L’observateur s’interroge alors sur les raisons de la baisse de progression russe. Plusieurs viennent à l’esprit.
- Baisse relative du RAPFEU
- Equilibrage du RAPDRONE (la guerre des drones connaît une évolution constante : on lira l’excellent article de Vincent Tourret [fil] dans le dernier Vortex)
- Efficacité des frappes ukrainiennes dans la profondeur (que j’ai peu évoquées jusqu’à présent mais dont le caractère systématique ne doit pas être négligé) : cela commencerait à avoir des effets tactiques en frappant aussi bien les dépôts de proximité que les sites de production et de stockage situés plus loin dans l’arrière russe.
- Epuisement du stock russe de véhicules blindés (précisons ici : l’emploi de mules dont certains se sont gaussés est tout sauf stupide, car l’animal suppose peu de logistique, a des capacités d’emport et de franchissement tout-terrain incroyables au rythme de l’infanterie, et quand il meurt, procure une alimentation de proximité non négligeable : est-ce un hasard si les troupes alpines françaises réexpérimentent ce moyen ?).
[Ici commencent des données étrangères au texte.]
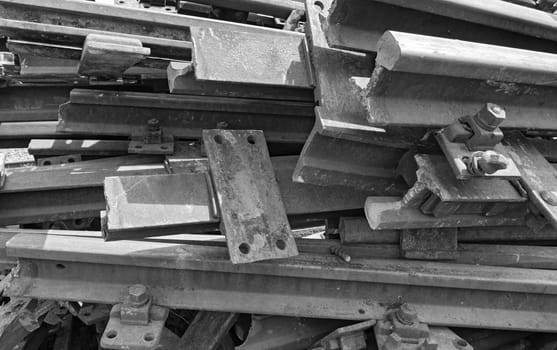 old rusty railroad tracks in black and white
- Pause opérationnelle décidée pour des raisons tactiques ou politiques.
Restons prudent avant de conclure trop vite car dans cette guerre d’attrition, rien n’est joué surtout si la guerre doit durer encore de nombreux mois, ce qui paraît désormais le plus probable.
Analyse politique
Le général Kellog a donné quelques éléments cette semaine, appelant notamment les Ukrainiens à organiser des élections (présidentielle puis législatives) dans l’année. Cela semble répondre à une exigence de Poutine pour qui la direction ukrainienne actuelle n’a pas la légitimité de signer quoi que ce soit.
Il apparaît de plus en plus clairement qu’il y a deux négociations parallèles : l’une entre Moscou et Washington, l’autre entre Kiev et Washington. Washington semble mettre une très grosse pression sur Kiev. V. Zelensky fait ce qu’il peut pour complaire à D. Trump. Le débat sur les terres rares (exploitation offerte en garantie de soutien) me paraît assez accessoire par rapport à l’essentiel : quels sont les termes de l’échange ?
Or, malgré les menaces réitérées de sanctions, l’Amérique a peu de moyens pour peser sur la Russie. Nous avons évoqué il y a quinze jours l’arme du pétrole, difficile à manier. Aussi, on a l’impression que si les pourparlers se poursuivent, ils sont encore peu conclusifs ce qui expliquerait les déclarations dilatoires des Américains. Nous en saurons peut-être un peu plus cette semaine lors de la conférence de sécurité de Munich (le Davos géopolitique annuel).